Seventh in the series Accent through the keyhole. Scroll down for the mp3 podcast version.
So what’s this post about?
Well, basically it’s about variability of vowels across accents. I’d like to begin getting into that topic by introducing the idea of bendiness and bendy vowels. These are vowel sounds which are produced when the mouth moves from one position to another while you say them. Take the vowel sound in the word wait, for example. The mouth moves to a slightly more closed position during the vowel sound. Put your finger on your nose and your thumb on your chin and then say the first letter of the alphabet repeatedly. Observe the movement of your finger and thumb. That’s what a bendy vowel looks like.
So you mean diphthongs, then?
We’ll begin with diphthongs, yes, but later on, we’ll see that there’s potential for bendiness in all vowels. First, let’s look at some examples of how diphthongs vary across accents. Here’s a question for you. In what accent does the word wait sound a bit like white*
(* as pronounced in GB – General British - the standard British accent given in dictionaries)
Right. And some parts of the South East of England. So what’s happening in these accents is that the mouth is starting from a more open position than it does in GB. The finger and thumb will move more. So vowel sounds can differ in their degree of bendiness across accents. Sometimes, diphthongs are less bendy in non-standard accents too. More questions for you:
1. Where does shade sound a bit like (GB) shared?
2. Where does coat sound a bit like (GB) caught?
Right. To me, 1. sounds very Lancashire/Yorkshire, and 2. sounds very North Eastern, eg Middlesbrough. Do the finger and thumb test and you’ll notice that there is less movement in the non-standard pronunciation of both words. This has been called ‘diphthong flattening’.

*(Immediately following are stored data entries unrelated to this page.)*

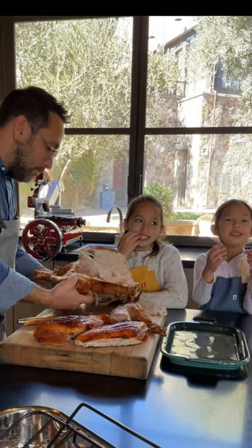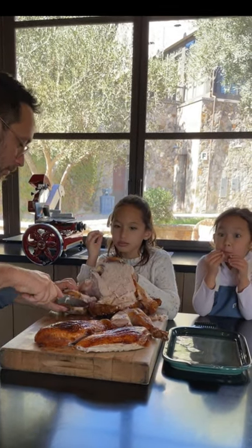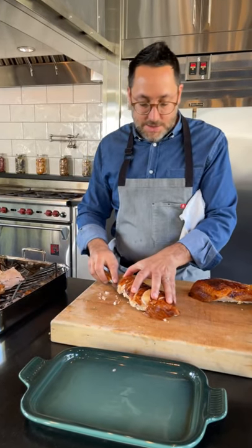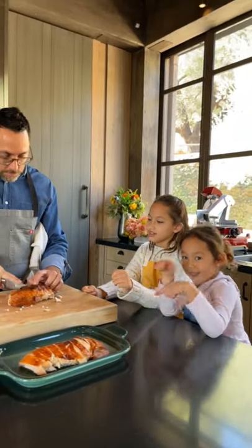After you carve the breasts off the bird, remove the legs by pulling away from the body until it pops, as it were, then removing with a knife. You can slice the breast as thick or thin as you want and enjoy.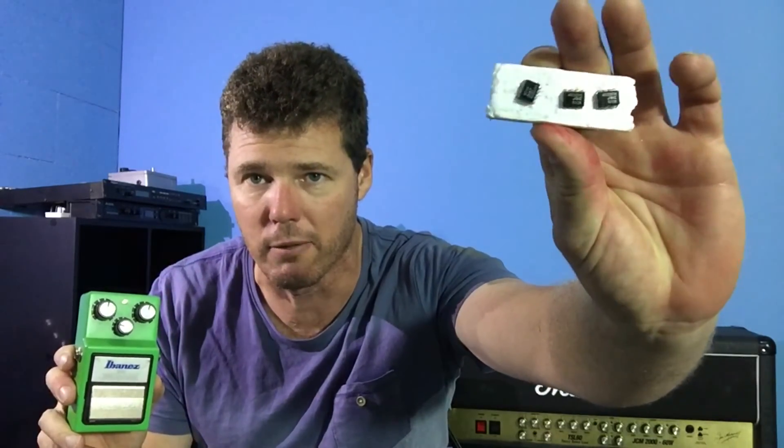I want to find out whether people are wasting their money or actually investing in something worthwhile. What I did was take my TS-9, record some riffs and licks into recording software, and then without changing the controls I swapped the chip over for a vintage JRC 4558, played the same licks and riffs, and recorded them.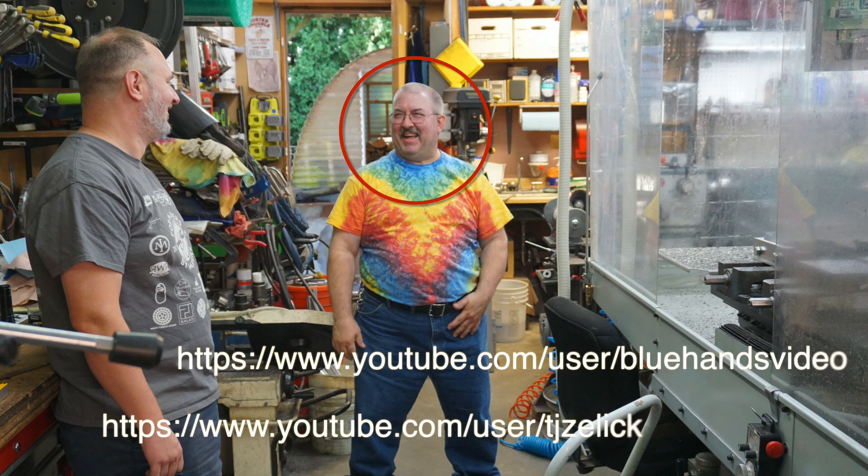Hey guys, that wraps up our video for today. I really hope you liked it — I appreciate you sticking with me and following along, even if you did watch it at one and a half times speed. That's talking to you, Mike. Good on you guys, see you in the next video.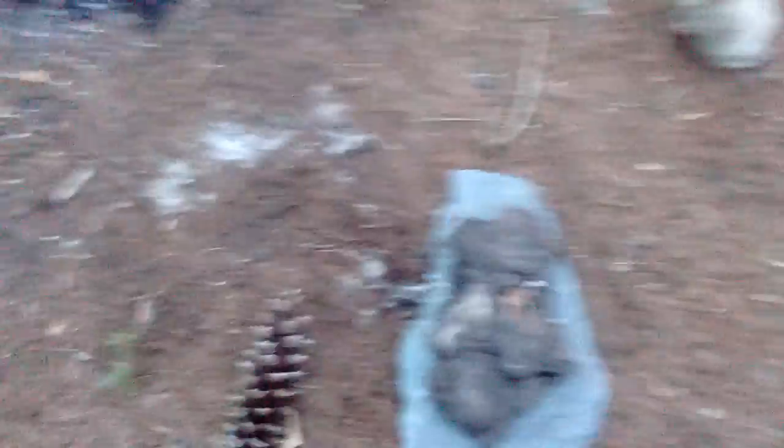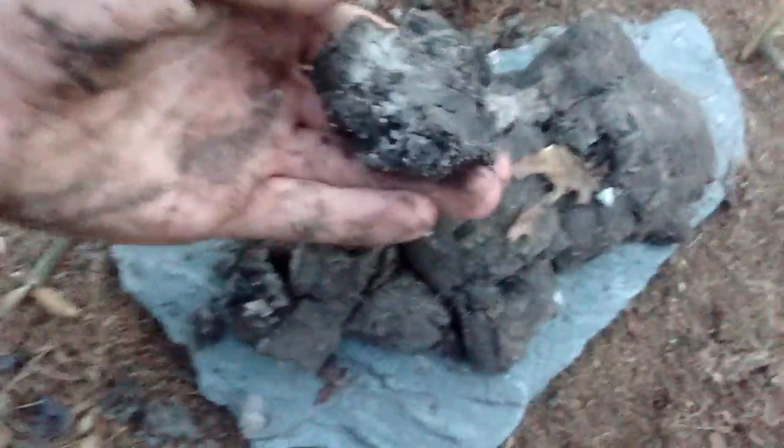I don't know if that's clay or not. I found that down at the stream. I don't know if this is clay — if you can leave it in the comments. Yeah, if that's really clay.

In the examples we’ve seen so far, there is something in common between the diphthongs in the different accents. Either the starting position or the ending position of the mouth is the same. But that’s not always the case. Another question: Where does down rhyme with (GB) coin?
Yes, right. So there, neither the starting position nor the ending position is the same.

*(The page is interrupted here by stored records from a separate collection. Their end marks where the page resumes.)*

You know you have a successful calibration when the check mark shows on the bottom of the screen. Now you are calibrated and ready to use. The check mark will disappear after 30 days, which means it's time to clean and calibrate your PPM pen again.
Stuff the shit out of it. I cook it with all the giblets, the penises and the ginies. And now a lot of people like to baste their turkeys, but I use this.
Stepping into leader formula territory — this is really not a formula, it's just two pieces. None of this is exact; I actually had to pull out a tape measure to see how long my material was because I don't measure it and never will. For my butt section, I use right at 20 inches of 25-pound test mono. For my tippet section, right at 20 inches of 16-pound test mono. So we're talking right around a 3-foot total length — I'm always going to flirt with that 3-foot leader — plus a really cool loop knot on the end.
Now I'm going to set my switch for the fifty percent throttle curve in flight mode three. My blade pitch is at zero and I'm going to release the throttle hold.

Right. And you said bendiness is not only about the diphthongs?
Yes. Take the word twang, for example. It’s an onomatopoeic word to describe the sound of a plucked bow string. If you’ve every tried playing a jaw harp (see picture), you’ll know what a good twang sounds like. The vowel sound represented by the letter ‘a’ is a short vowel sound in GB, but in this word is has a certain bendy quality forced by the transition from the ‘w’ before it. It’s this that makes this word effectively sound like the noise it represents. But that ‘a’-bending in GB is very timid compared to, say, the mighty twang of the Southern US, where the word can be almost like two syllables: twa-ing. The six short vowels of GB English (see infographic here) have very little margin for bending because they can’t be extended for long enough. If you extend them, they turn into something else. For instance, if you extend hot, it turns into heart. I think that’s a big part of the reason that many British singers sing with an American accent – the short vowels are tough to fit into the rhyme and meter of rock/pop lyrics. Americans, having shrugged off the tyranny of the clipped vowel, have made words infinitely more malleable in songs, as Nobel laureate Bob Dylan has shown: he can make most anything rhyme. (for other explanations of why British singers sing in American, see this article by Chi Luu)
Twang is sometimes used to describe accents, isn’t it?

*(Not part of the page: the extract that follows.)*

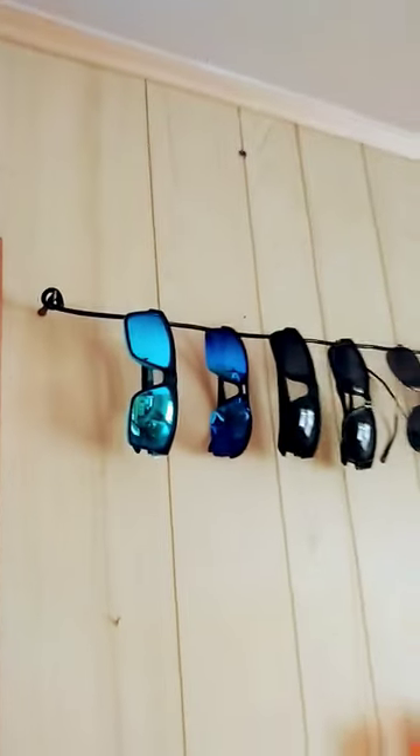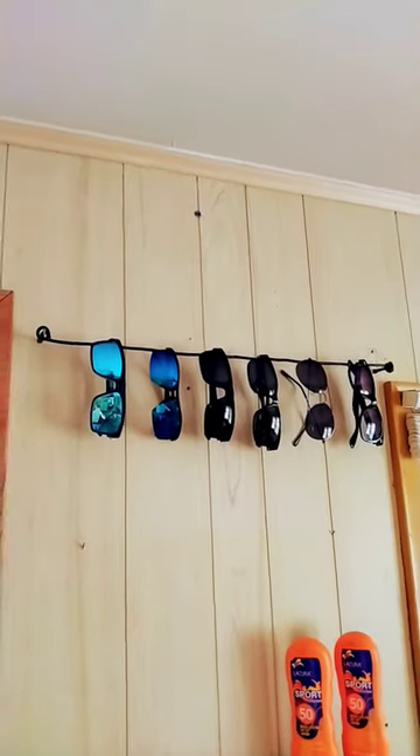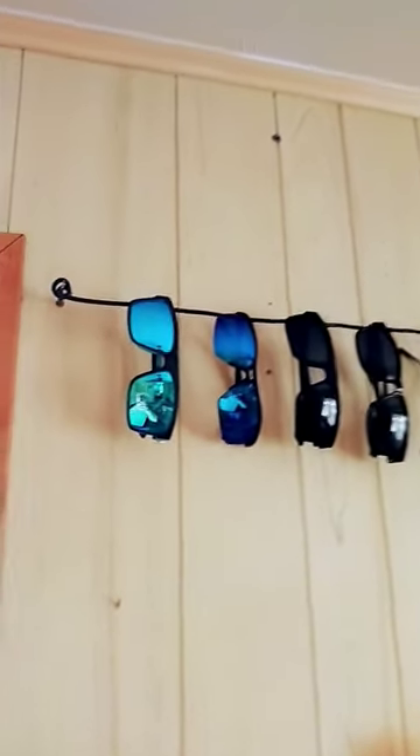Hey guys, Pedro Contraptions here and I wanted to show you guys my cool little sunglasses holder I just made. It's really simple — it's just a wire and then a couple of screws to hold it together, and I think it looks pretty good. It adds a little decoration to the room and just gives some extra style.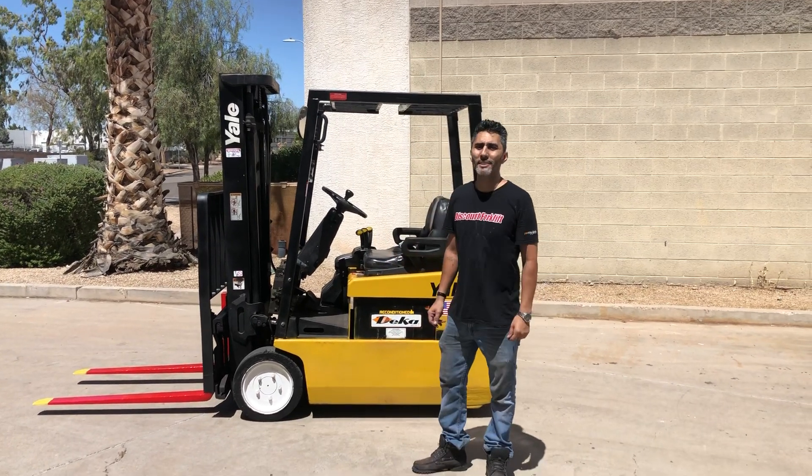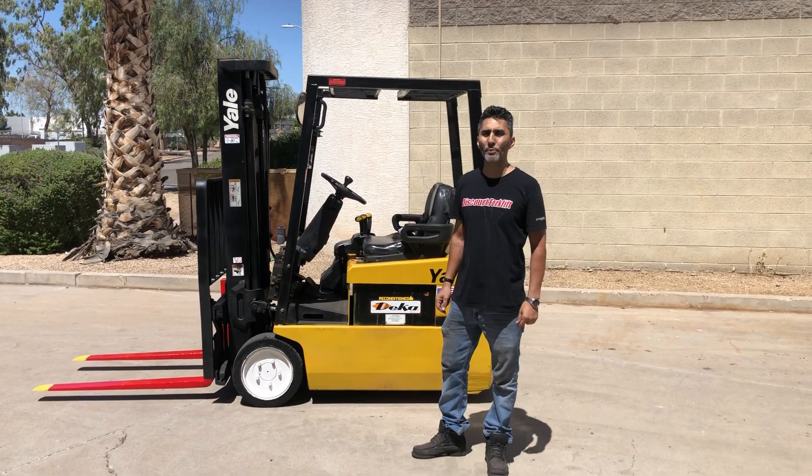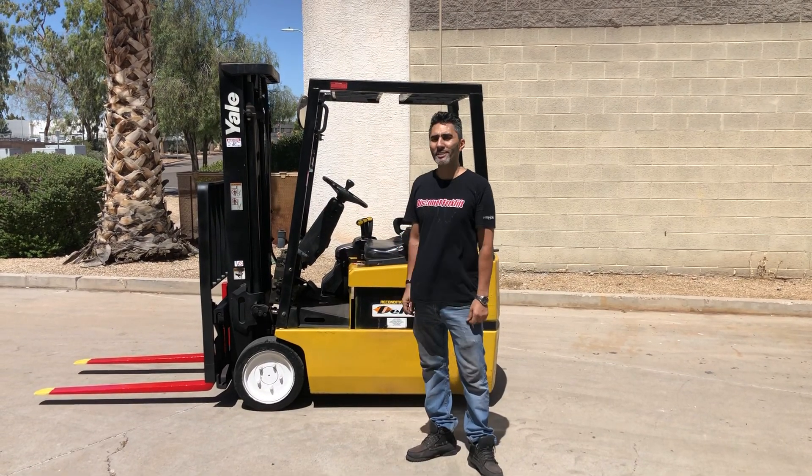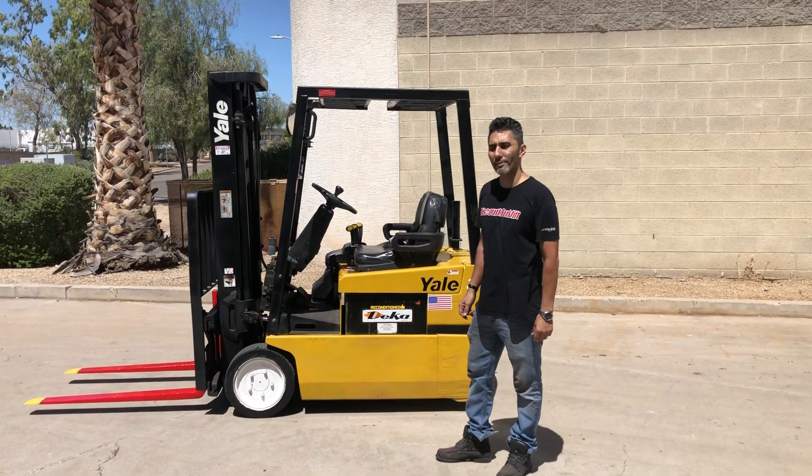Hello, here's your 3,000-pound capacity Yale Electric. It is a three-wheel. It does have a triple pull-free stage. I'm going to jump on there and give it a test run for you.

Yes, and it’s much more likely to be used to describe an accent with more bendy vowels like American than one with clipped vowels like GB. So I’m thinking that twanginess has a lot to do with vowel bendiness. And that’s as you might expect, given twang’s onomatopoeic origin.
Are there any implications of all this vowel variability for pronunciation teaching?
Well, I think it would do us good to be a bit less prescriptive about the vowel sounds. The phonemic chart is a bit misleading: we tend to think that the symbols are phonetic – representing an exact, specific sound. Actually they are phonemic – representing contrasting parts in a system. What most students need to learn to do is distinguish words, not replicate specific sounds as might be produced by an idealized GB or American speaker. The conflation of phonemic and phonetic symbols can lead to some very unhelpful over precision. How much more time must we spend worrying about the exact quality and bendiness of the diphthongs in white, shade, coat or down? The answer, my friend, is blowin’ in the wind.